En medio de la sorpresa y muy molesto, Maceo descubre que el enemigo se encuentra parapetado detrás de unas cercas de piedra e intenta maniobrar para desalojarlo, pero la situación llega a su clímax mientras los suyos procuran cortar una alambrada que se interpone entre los dos grupos y una bala enemiga lo impacta junto al mentón ocasionándole la muerte casi instantánea.
Enterado de aquel desenlace, su ayudante de apenas 20 años, Panchito Gómez Toro, que se encontraba rebajado del servicio como resultado de lesiones en un combate anterior, sale prácticamente a inmolarse junto a su jefe, resulta primero herido y luego rematado por las fuerzas al mando del comandante Francisco Cirujeda, el militar que abandonó Punta Brava sin recoger el más preciado trofeo de toda su carrera: el cuerpo de Antonio Maceo, en aquel entonces el hombre más perseguido por España en todo el continente americano.
COMO EN CASCADAS, LAS MALAS NOTICIAS
Que Maceo decidiera abandonar Vueltabajo, donde su presencia era imprescindible en el día a día de la guerra, para entrevistarse con Gómez en territorio villareño revela por lo menos dos aristas de trascendencia en la progresión de los acontecimientos: la gravedad de las relaciones entre el gobierno de la República en Armas y el general en jefe del Ejército Mambí, el verdadero móvil del frustrado encuentro, y la fidelidad del Titán de Bronce a su jefe, el luchador dominicano.

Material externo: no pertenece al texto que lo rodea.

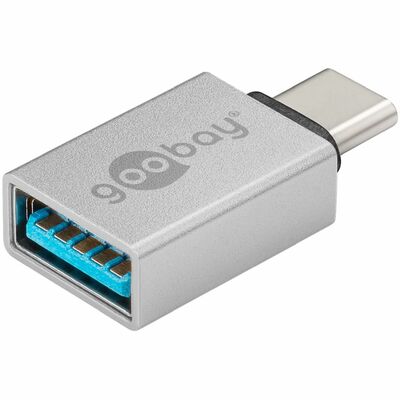 Adapter USB 3.1 Typ C, CM/AF, 5GBit/s, Dongle, sivý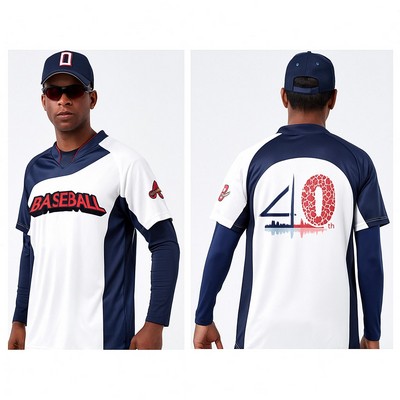 Premium Sublimated Mandarin Collar Raglan Baseball Jersey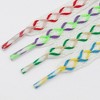 INSPIRE CHIC Contrast Color Flat Fat Braided Twist Woven Shoeslaces 0.47 Inch 2 Pairs - 4 of 4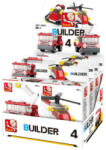 Sluban Builder Fire 4 - Kis járművek építőjáték készlet (M38-B0593)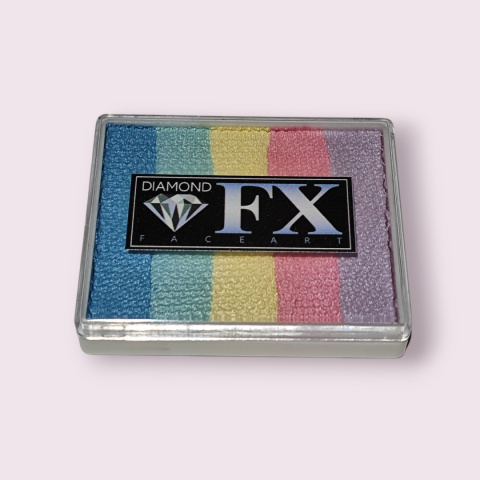 Farba do malowania twarzy i ciała Diamond FX Split Cake 50g Mellow Rainbow Farba do malowania twarzy i ciała Diamond FX Split Cake 50g Mellow Rainbow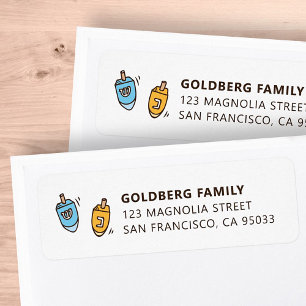 Hanukkah Modern Simple Dreidel Shipping Address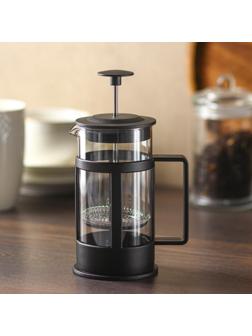 Френч-пресс Доляна «Классика», 350 мл, цвет чёрный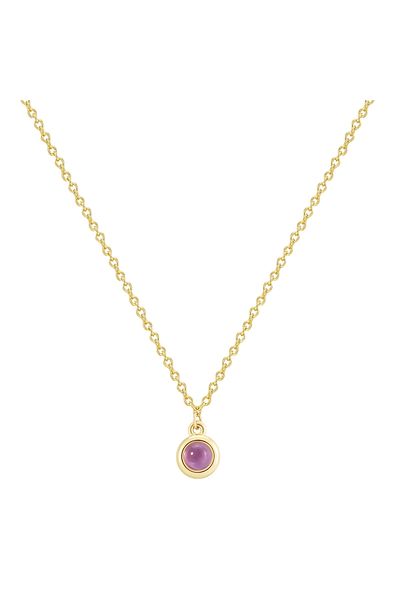 Glanzstücke München Silberhalskette Kette mit Anhänger Sterling Silber gelbgold Amethyst
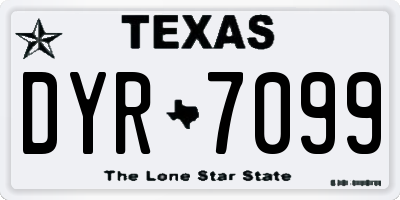TX license plate DYR7099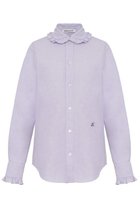 【マディソンブルー/MADISONBLUE】のROUND COLLAR FRILL SH OX ラウンドカラーフリルシャツ 人気、トレンドファッション・服の通販 founy(ファニー) ファッション Fashion レディースファッション Fashion for Women トップス・カットソー Cut & Sew Tops シャツ・ブラウス・オフィスカジュアル Elegant Blouses & Button-Ups スリーブ Sleeve, Long Sleeve / Short Sleeve バランス Balance, Style Balance フリル Frill, Ruffle ラウンド Round, Round Neck ロング Long, Long-Length 再入荷 Restock / Back in Stock thumbnail パープル|ID: prp329100004877938 ipo3291000000036388537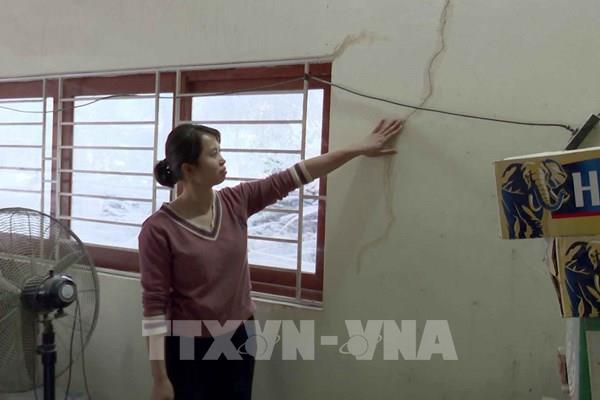 Thanh Hóa nhiều hộ dân bị nứt nhà nhưng vẫn chưa được bồi thường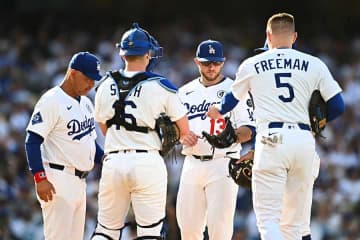 全米中継のドジャース戦で話題をさらった客席の大物　実況席は試合そっちのけ、直撃に「私は間違いなく…」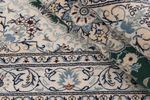 Alfombra persa - Nain - 237 x 162 cm - verde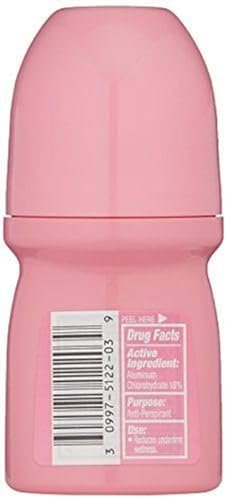 Hi & Dri Anti Perspirant Deodorant Roll On, Powder Fresh, 1.7 oz (Pack of 6) Avelisse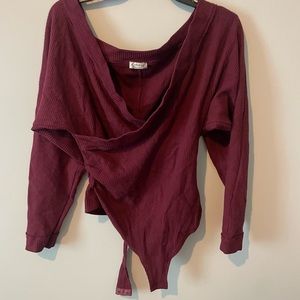 NWOT free people bodysuit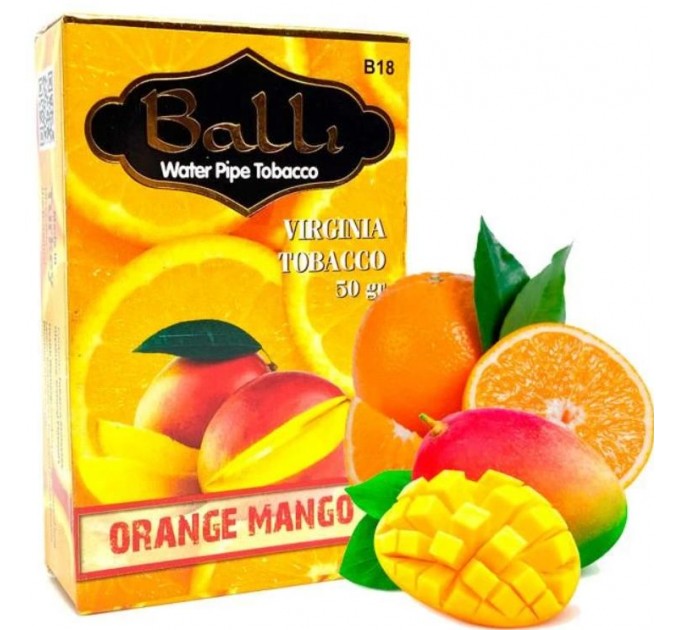 Тютюн Balli Orange mango (Апельсин та манго) 50 грам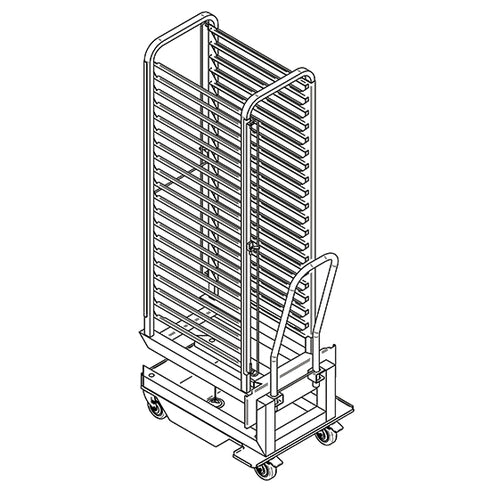 Chariot Porte-Plaques Pour Fours 20X Gn 1/1, CEB201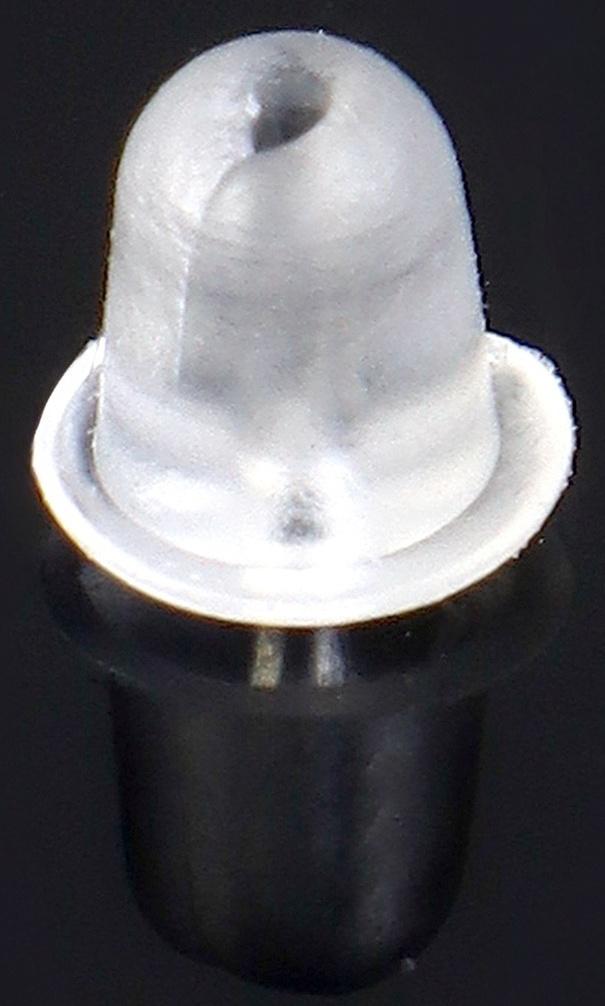 Заглушки для сережек, швенз, пусет силиконовые для швенз и пусет, набор 30 шт. 4×5 мм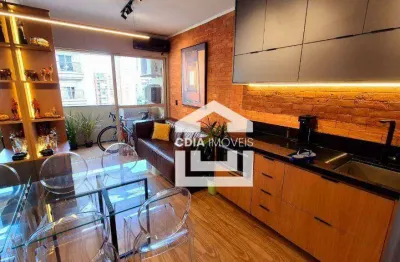 Flat com 1 dormitório à venda, 33 m² por r$ 800.000 - moema - são paulo/sp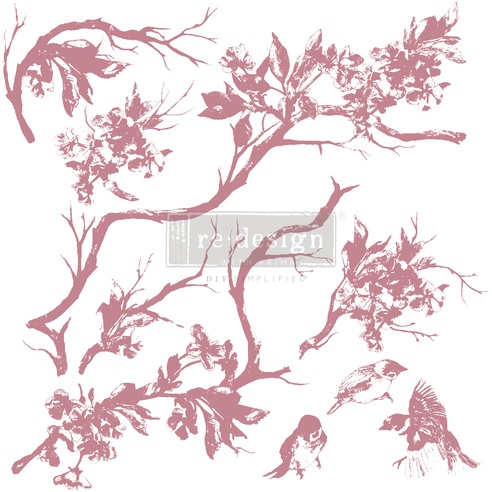 Redesign Decor Stamp - Forest Aviary - 30,48 cm x 30, 48 cm (9 pcs)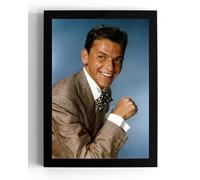 STONE ROSES A5 Framed Frank Sinatra Portrait, American Singer and Actor, Old Blue Eyes, Crooner, Rat Pack, Swing, gift idea (framed 21 x 16 x 1 cms)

El Viejo, como le llamaban al Generalísimo, andaba entonces por San Faustino, en el Camagüey, y no fue hasta el 16 de diciembre, nueve días después del combate, que recibió los primeros informes sobre la desventura de San Pedro.
Como en cascadas, los golpes terribles de la guerra seguían menguando a lo mejor del bando cubano, al punto de que, en 1895 y 1896, la Revolución había perdido a seis de sus imprescindibles: José Martí, Guillermón Moncada, Flor Crombet, Francisco Borrero, José Maceo y hacía apenas unos días, el 18 de noviembre, a Serafín Sánchez.
Dicen que en el Cuartel General del Ejército Libertador, cuando los oficiales más cercanos fueron a ponerlo al tanto de lo sucedido en Punta Brava trataron de consolarlo recordándole las campañas, las insidias y las noticias falsas que con frecuencia difundía el mando español, pero el guerrero de tantas batallas tenía un mal presentimiento: «Algunos de mis compañeros abrigan la esperanza de que pueda ser falsa –escribió–, pero yo siento la verdad de ella en la tristeza de mi corazón».